With an initial share price at 270p, the top end of the 250p-277p range it had targeted, shares went on to reach a peak of 315p on the group’s LSE debut yesterday morning (May 30).
The listing means that 40% of the business is now owned by the public, with the group valued at around £650m.
Speaking exclusively to our sister publication WatchPro, Watches of Switzerland Group’s chief executive officer said the IPO has gone even better than he expected.
Brian Duffy said on the morning of the Group’s debut: “It’s been great. We more or less went up to around 14 or 15 percent up and we’ve been as high as 17% up. So clearly it has been good, it is ahead of anything I was expecting for sure.
“We had a great reaction, we were way over subscribed and we had the feedback from the beginning that our pricing was ‘very reasonable’ which was the term most frequently used so it was out there that we were not trying to push anything and we finished it, but the most difficult part of it all was last night trying to allocate to investors a proportion of what they had asked for and in any case all of it.”
He added: “So yes, I did expect a positive demand but I did not expect it to be double digits.”
Despite recent IPOs across other markets receiving somewhat of a negative reaction in recent weeks, Duffy always felt the luxury watch and jewellery market and the place Watches of Switzerland has in it would hold its own.
He revealed: “I was always confident and knew that we were one of a kind out there and know that luxury watches are unique and think that our positioning in the market makes us unique as well so I was confident no matter what was happening.

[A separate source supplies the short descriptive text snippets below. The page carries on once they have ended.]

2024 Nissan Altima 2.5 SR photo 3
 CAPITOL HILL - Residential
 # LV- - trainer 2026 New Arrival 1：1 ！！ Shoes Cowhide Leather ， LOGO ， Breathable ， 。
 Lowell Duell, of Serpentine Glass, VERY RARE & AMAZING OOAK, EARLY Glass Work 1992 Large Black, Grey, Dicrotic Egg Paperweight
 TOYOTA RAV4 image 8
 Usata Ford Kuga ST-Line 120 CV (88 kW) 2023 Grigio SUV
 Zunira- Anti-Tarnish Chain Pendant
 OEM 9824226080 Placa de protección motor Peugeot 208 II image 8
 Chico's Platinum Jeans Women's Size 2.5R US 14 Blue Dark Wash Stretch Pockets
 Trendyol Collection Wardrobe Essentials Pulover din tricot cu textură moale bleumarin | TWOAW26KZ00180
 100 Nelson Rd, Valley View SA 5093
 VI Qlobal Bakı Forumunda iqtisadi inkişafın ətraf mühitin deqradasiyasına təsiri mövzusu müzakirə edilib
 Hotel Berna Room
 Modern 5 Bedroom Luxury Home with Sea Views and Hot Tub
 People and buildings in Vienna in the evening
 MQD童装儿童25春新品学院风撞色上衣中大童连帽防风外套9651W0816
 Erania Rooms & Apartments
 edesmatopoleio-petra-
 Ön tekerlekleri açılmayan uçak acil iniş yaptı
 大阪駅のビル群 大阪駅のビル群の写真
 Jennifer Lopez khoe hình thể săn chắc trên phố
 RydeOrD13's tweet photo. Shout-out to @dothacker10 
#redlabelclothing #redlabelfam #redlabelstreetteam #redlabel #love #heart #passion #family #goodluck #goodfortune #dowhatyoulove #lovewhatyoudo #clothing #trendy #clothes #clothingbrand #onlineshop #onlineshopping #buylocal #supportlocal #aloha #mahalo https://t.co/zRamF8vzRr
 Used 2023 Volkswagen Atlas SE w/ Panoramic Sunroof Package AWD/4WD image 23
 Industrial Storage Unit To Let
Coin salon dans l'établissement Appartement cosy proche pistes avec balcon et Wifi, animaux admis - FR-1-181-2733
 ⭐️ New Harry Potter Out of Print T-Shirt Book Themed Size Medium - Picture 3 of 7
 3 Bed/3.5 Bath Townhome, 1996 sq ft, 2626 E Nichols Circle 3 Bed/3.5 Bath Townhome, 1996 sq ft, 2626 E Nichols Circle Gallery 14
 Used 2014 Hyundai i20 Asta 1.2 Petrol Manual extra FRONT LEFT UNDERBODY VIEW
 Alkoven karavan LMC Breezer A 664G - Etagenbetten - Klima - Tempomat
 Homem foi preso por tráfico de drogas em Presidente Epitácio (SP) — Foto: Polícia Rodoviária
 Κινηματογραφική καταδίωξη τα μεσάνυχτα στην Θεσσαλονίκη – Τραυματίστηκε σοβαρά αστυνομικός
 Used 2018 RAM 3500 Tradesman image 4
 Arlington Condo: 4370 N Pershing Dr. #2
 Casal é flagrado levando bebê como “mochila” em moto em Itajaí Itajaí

“Having said which, you would have ideally hoped for even better market conditions as there’s been quite a lot of volatility over the past couple of weeks, further uncertainty over Brexit and whatever but is there ever a perfect time? I don’t think so and clearly it hasn’t significantly impacted us.”
Discussing the valuation and how it came to that, Duffy detailed yesterday morning that he was “very happy.”
He continued: “It is more or less 14x our PE so I do think it is a fair valuation. You would argue that has got an element of discount which I think is right as a new entrant to the market, people have to get to know us so we were always very comfortable with that. I think it was a narrow range that we started with 250 to 277. We then narrowed that after a couple of steps to I think 263 to 275 and then we settled on 270.”
Prior to the listing, it was expected that around £220m in net proceeds would be raised and a large majority of that would be used to pay down debts.
Mr Duffy said the amount raised would be north of that figure and also confirmed around £155m would be used to help with debts, something he thinks is necessary in the new public space.
“I think it has actually turned out to be a bit more than that (£220m), I think Apollo said from the beginning that they would be prepared to go at something around 10% of their shares so it has gone at a little bit more than that. Apollo selling 15% of their stake approximately results in us having a 40% free float so the public out there owns 40% of the business now.
“The first use of that net proceed will be used to pay down debts. We had a level of debt that is acceptable in a private ownership scenario but is clearly not the kind of level of debt you would carry in a public environment so £155m of what we raise just went to pay down debt and that is the biggest single thing that has happened to our financial structure overall. And the balance of what went on the market was just Apollo selling so there’s just a change of shareholder,” Duffy concluded.